Il contrasto tra Boban e Ceferin
Il contrasto tra Boban e Ceferin riguarda alcuni temi cruciali, in particolare la decisione di rivedere gli Statuti sui termini presidenziali. Boban ha espresso il suo totale dissenso a questa proposta, ma Ceferin ha risposto che per lui non c'è nessun problema legale né tantomeno etico morale e che avrebbe perseguito la propria aspirazione.
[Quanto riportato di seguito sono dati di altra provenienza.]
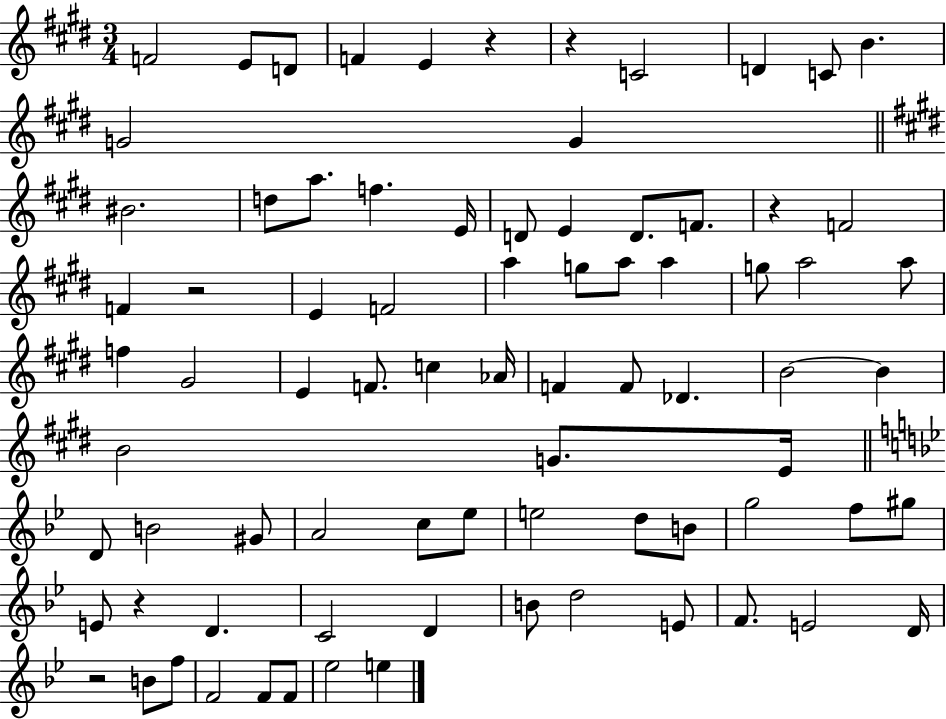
X:1
T:Untitled
M:3/4
L:1/4
K:E
F2 E/2 D/2 F E z z C2 D C/2 B G2 G ^B2 d/2 a/2 f E/4 D/2 E D/2 F/2 z F2 F z2 E F2 a g/2 a/2 a g/2 a2 a/2 f ^G2 E F/2 c _A/4 F F/2 _D B2 B B2 G/2 E/4 D/2 B2 ^G/2 A2 c/2 _e/2 e2 d/2 B/2 g2 f/2 ^g/2 E/2 z D C2 D B/2 d2 E/2 F/2 E2 D/4 z2 B/2 f/2 F2 F/2 F/2 _e2 e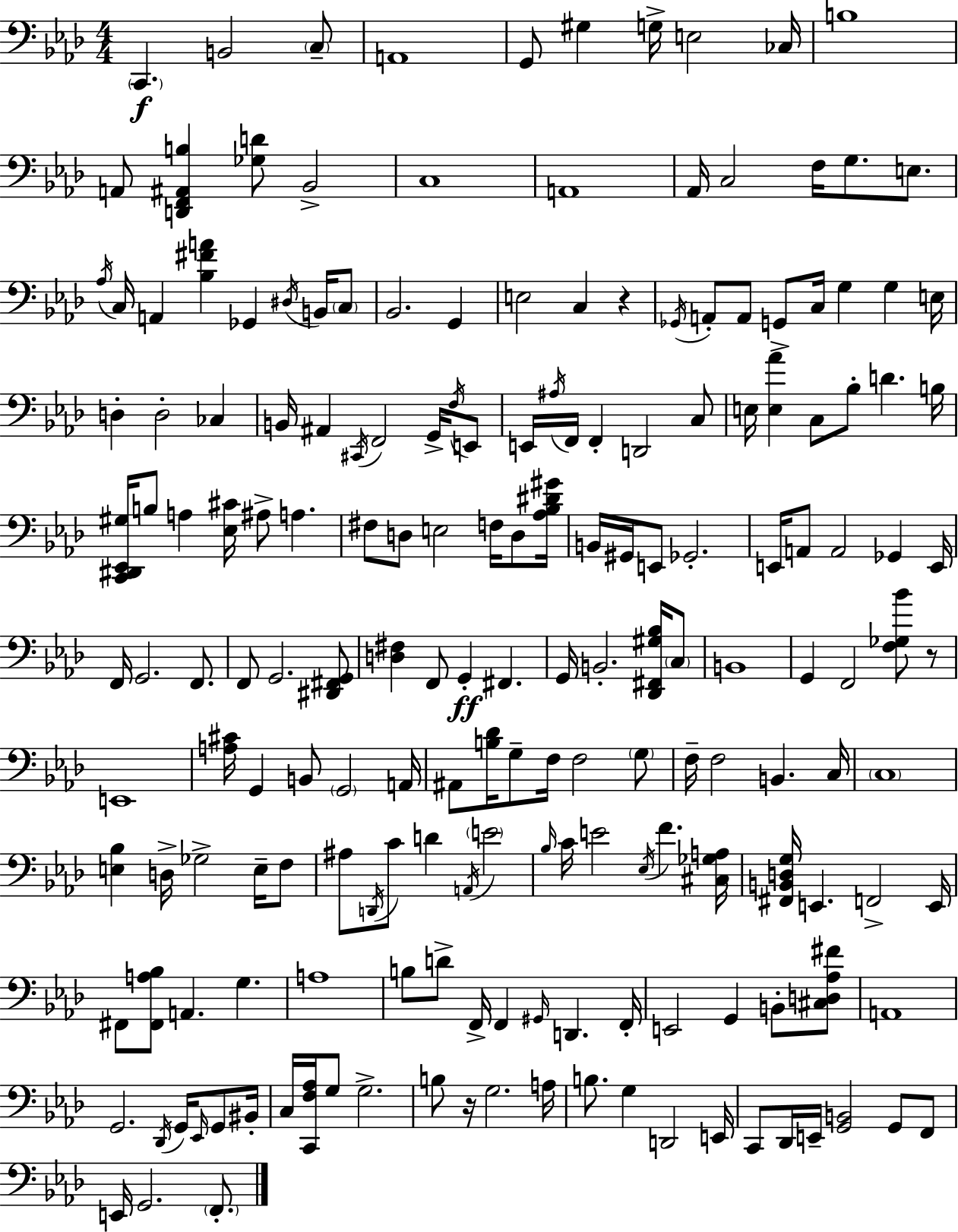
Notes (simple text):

C2/q. B2/h C3/e A2/w G2/e G#3/q G3/s E3/h CES3/s B3/w A2/e [D2,F2,A#2,B3]/q [Gb3,D4]/e Bb2/h C3/w A2/w Ab2/s C3/h F3/s G3/e. E3/e. Ab3/s C3/s A2/q [Bb3,F#4,A4]/q Gb2/q D#3/s B2/s C3/e Bb2/h. G2/q E3/h C3/q R/q Gb2/s A2/e A2/e G2/e C3/s G3/q G3/q E3/s D3/q D3/h CES3/q B2/s A#2/q C#2/s F2/h G2/s F3/s E2/e E2/s A#3/s F2/s F2/q D2/h C3/e E3/s [E3,Ab4]/q C3/e Bb3/e D4/q. B3/s [C2,D#2,Eb2,G#3]/s B3/e A3/q [Eb3,C#4]/s A#3/e A3/q. F#3/e D3/e E3/h F3/s D3/e [Ab3,Bb3,D#4,G#4]/s B2/s G#2/s E2/e Gb2/h. E2/s A2/e A2/h Gb2/q E2/s F2/s G2/h. F2/e. F2/e G2/h. [D#2,F#2,G2]/e [D3,F#3]/q F2/e G2/q F#2/q. G2/s B2/h. [Db2,F#2,G#3,Bb3]/s C3/e B2/w G2/q F2/h [F3,Gb3,Bb4]/e R/e E2/w [A3,C#4]/s G2/q B2/e G2/h A2/s A#2/e [B3,Db4]/s G3/e F3/s F3/h G3/e F3/s F3/h B2/q. C3/s C3/w [E3,Bb3]/q D3/s Gb3/h E3/s F3/e A#3/e D2/s C4/e D4/q A2/s E4/h Bb3/s C4/s E4/h Eb3/s F4/q. [C#3,Gb3,A3]/s [F#2,B2,D3,G3]/s E2/q. F2/h E2/s F#2/e [F#2,A3,Bb3]/e A2/q. G3/q. A3/w B3/e D4/e F2/s F2/q G#2/s D2/q. F2/s E2/h G2/q B2/e [C#3,D3,Ab3,F#4]/e A2/w G2/h. Db2/s G2/s Eb2/s G2/e BIS2/s C3/s [C2,F3,Ab3]/s G3/e G3/h. B3/e R/s G3/h. A3/s B3/e. G3/q D2/h E2/s C2/e Db2/s E2/s [G2,B2]/h G2/e F2/e E2/s G2/h. F2/e.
Le dimissioni di Boban e le sue motivazioni
Boban ha motivato le sue dimissioni dalla Uefa in una lettera al New York Times. Ha scritto: "Nel prossimo Congresso, Ceferin proporrà di modificare lo statuto UEFA per potersi candidare nuovamente dopo che questo sarebbe dovuto essere il suo ultimo mandato. Ho manifestato il mio totale dissenso, ma mi ha risposto che per lui non c’è nessun problema legale né tantomeno etico morale e che avrebbe perseguito la propria aspirazione."
Il futuro del calcio europeo
Le dimissioni di Boban lasciano il calcio europeo in uno stato di caos. L'ex dirigente del Milan lascia dopo essere stato scelto dal presidente Aleksander Ceferin come consigliere personale nell’aprile 2021. Il futuro del calcio europeo è ora incerto, in attesa delle decisioni che verranno prese nel prossimo Congresso della Uefa.